═══ The input ═══

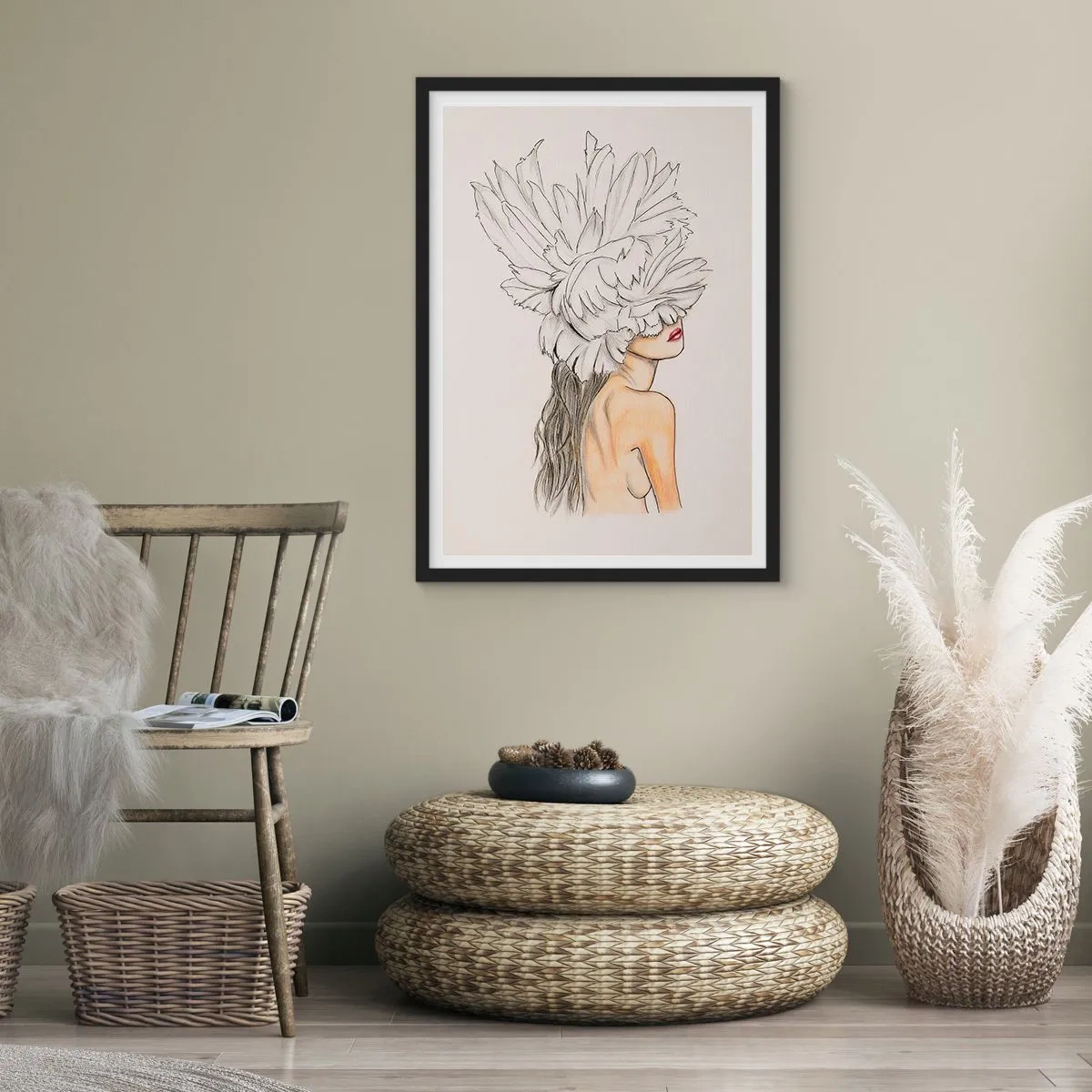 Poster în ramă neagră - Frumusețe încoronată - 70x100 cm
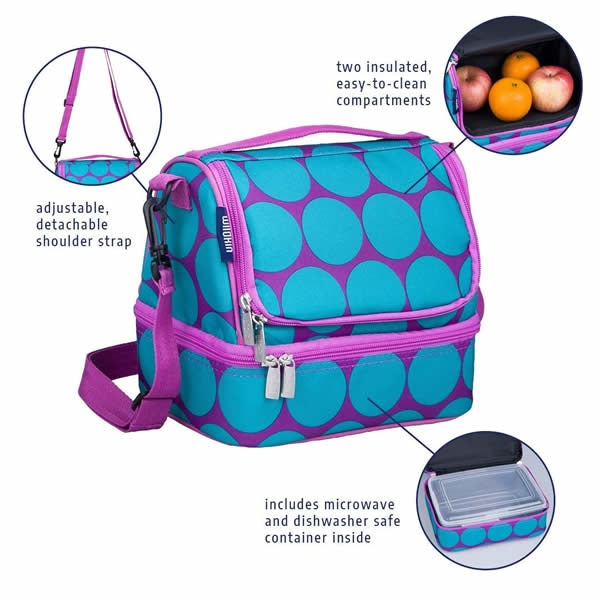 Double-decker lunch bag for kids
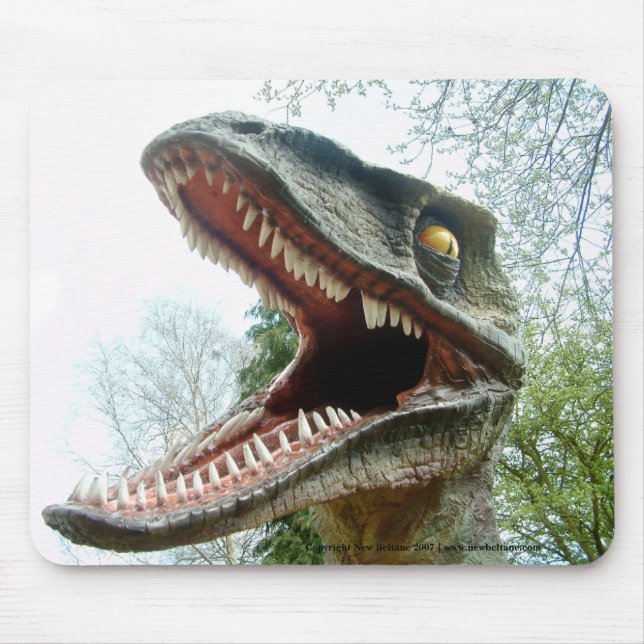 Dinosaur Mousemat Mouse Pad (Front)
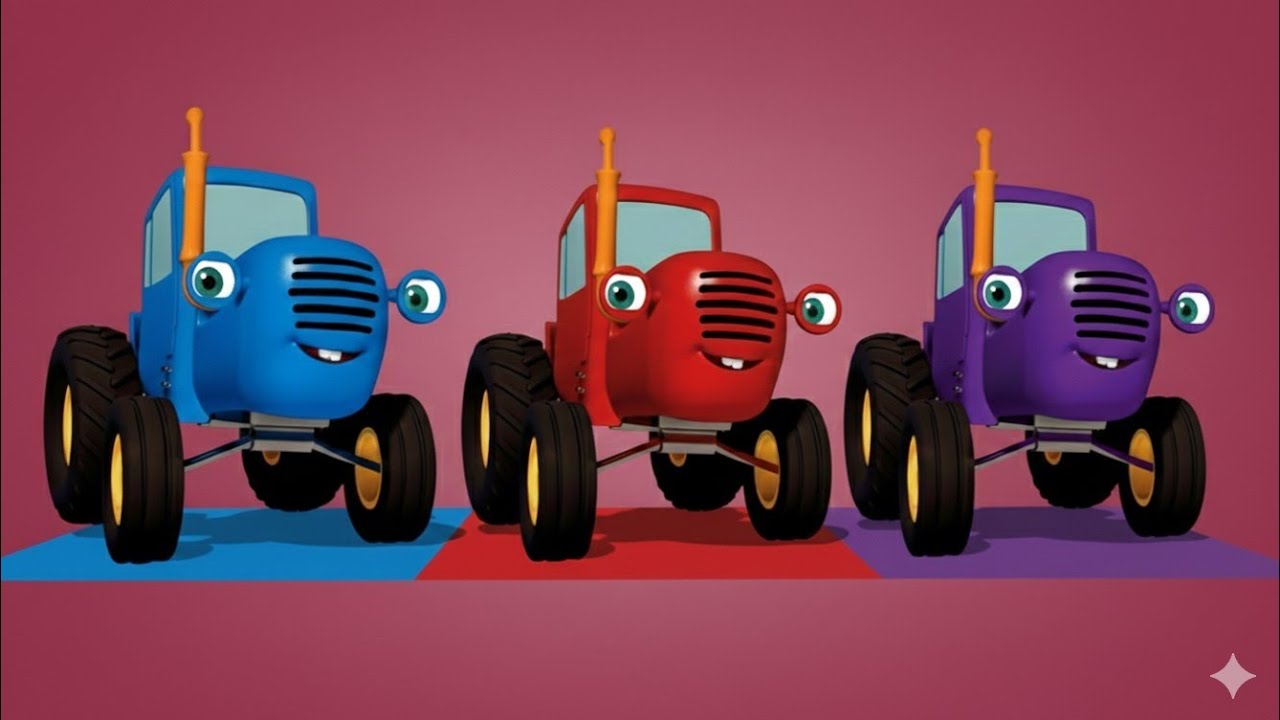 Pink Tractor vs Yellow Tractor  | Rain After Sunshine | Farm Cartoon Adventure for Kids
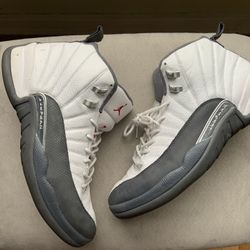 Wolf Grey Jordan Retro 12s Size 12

═══

Your assignment
Excluding the pictures, transcribe all of the entries exactly.

Expected answer
 Poster în ramă neagră - Frumusețe încoronată - 70x100 cm
 Double-decker lunch bag for kids
 Dinosaur Mousemat Mouse Pad (Front)
 Pink Tractor vs Yellow Tractor  | Rain After Sunshine | Farm Cartoon Adventure for Kids
 Wolf Grey Jordan Retro 12s Size 12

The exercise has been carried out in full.